Strengthened business continuity and seamless collaboration

More than the national recognition and more than the consolidation opportunities, the success of the KPSN Govroam project is the impact it is having on public sector collaboration. It enables the kind of multi-agency working that is an increasingly common reality.

For example, Kent and Medway Safeguarding Adults Board (KMSAB) is a multi-agency partnership. It needs to support hundreds of multi-agency staff and wants to move away from paper-based records. Govroam enables KMSAB to roll-out digital records, training is more consistent, project management more accountable, and staff can connect from across the county.

It also improves business continuity planning. With staff struggling to commute, Kent Fire & Rescue leaned on Govroam during a period of heavy snow.

“We know public sector teams have responded to Brexit planning and congestion worries by promoting working remotely,” says Stuart Cockett, Technical Operations Service Delivery manager. “Govroam allows them to work at a nearby office, rather than travel to their usual office. This kind of flexibility is here to stay.”

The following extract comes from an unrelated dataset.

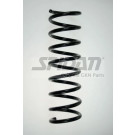 Spidan | Fahrwerksfeder | 85882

The greenlight for more ambitious projects

For KPSN, success provides the greenlight for further, more ambitious projects. Extending public wireless is planned; there is an opportunity to take a national lead on integrating IoT devices.

“We’re providing the backbone infrastructure to on-board, monitor and secure IoT,” says Rhodes. “It’s then up to our partner organisations to come up with the use-cases.”

This could be environmental monitoring, or wayfinding services, or asset tracking. KPSN is in talks with local authorities’ property services and business intelligence teams, and project leaders from the University of Kent.

“A lot of the UK’s freight traffic comes through Kent,” says Lockett. “There is freight monitoring throughout Europe, then it stops at the UK. We can imagine a solution with sensors tracking freight through Kent, with connections to the network managed through ClearPass.”